## Work to complete
Extract the records in full, leaving every picture out.

## Data provided
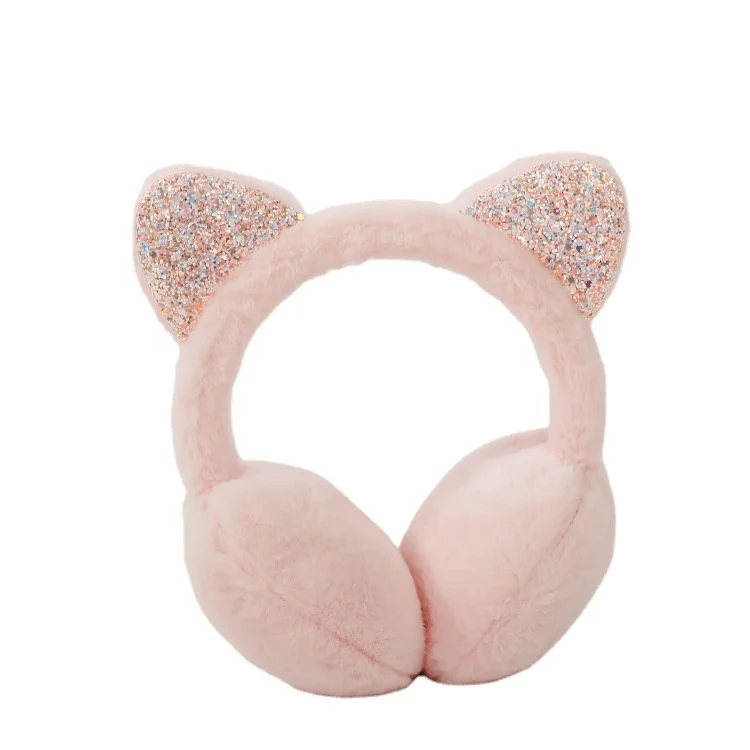 

New Winter Warm Earmuffs Glittering Ears Women's Earmuffs Thickened Plush Cute Students Riding Windproof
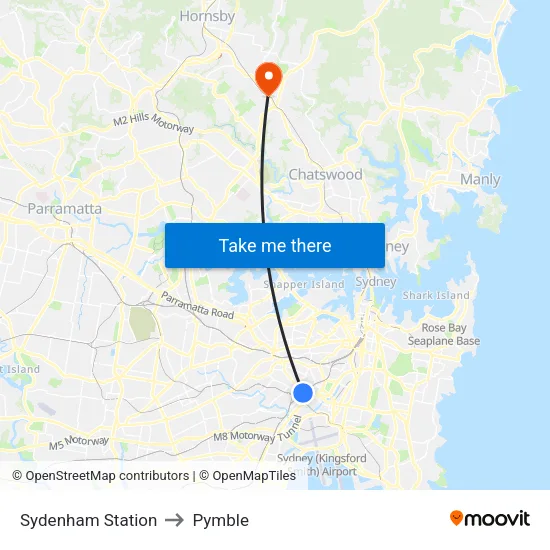 Sydenham Station to Pymble map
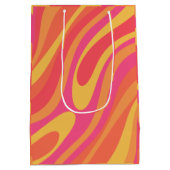 Sac Cadeau Moyen Motif Abstrait coloré rétro boucles ondulées (Dos)
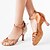 cheap Latin Shoes-Women&#039;s Latin Shoes Ballroom Shoes Line Dance Sandal Rhinestone Flared Heel Brown Buckle Glitter Crystal Sequined Jeweled / Suede / Satin / EU39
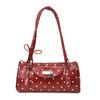 Pu Polka Dot Shoulder Bag For Women With Inner Pockets And Zipper Closure For Daily Use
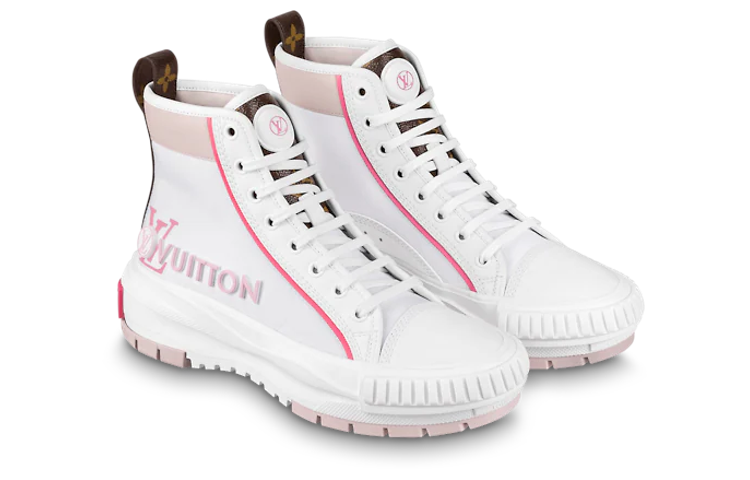 (WMNS) حذاء رياضي للكاحل من LOUIS VUITTON Squad باللون الأبيض والوردي 1AACV4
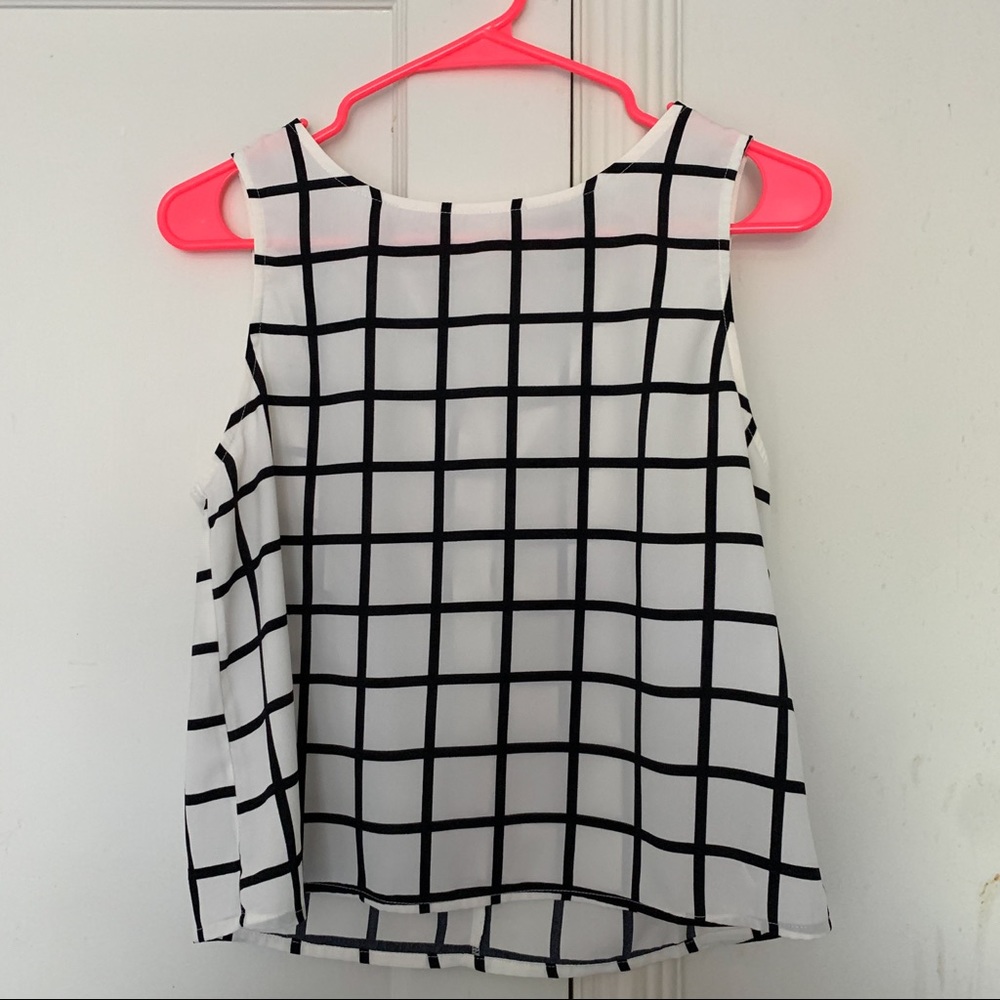 Cropped Grid Tank/Tunic w/ keyhole back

## Answer to this task
New Winter Warm Earmuffs Glittering Ears Women's Earmuffs Thickened Plush Cute Students Riding Windproof
 Sydenham Station to Pymble map
 Sac Cadeau Moyen Motif Abstrait coloré rétro boucles ondulées (Dos)
 cheap Latin Shoes-Women&#039;s Latin Shoes Ballroom Shoes Line Dance Sandal Rhinestone Flared Heel Brown Buckle Glitter Crystal Sequined Jeweled / Suede / Satin / EU39
 Pu Polka Dot Shoulder Bag For Women With Inner Pockets And Zipper Closure For Daily Use
 (WMNS) حذاء رياضي للكاحل من LOUIS VUITTON Squad باللون الأبيض والوردي 1AACV4
 Cropped Grid Tank/Tunic w/ keyhole back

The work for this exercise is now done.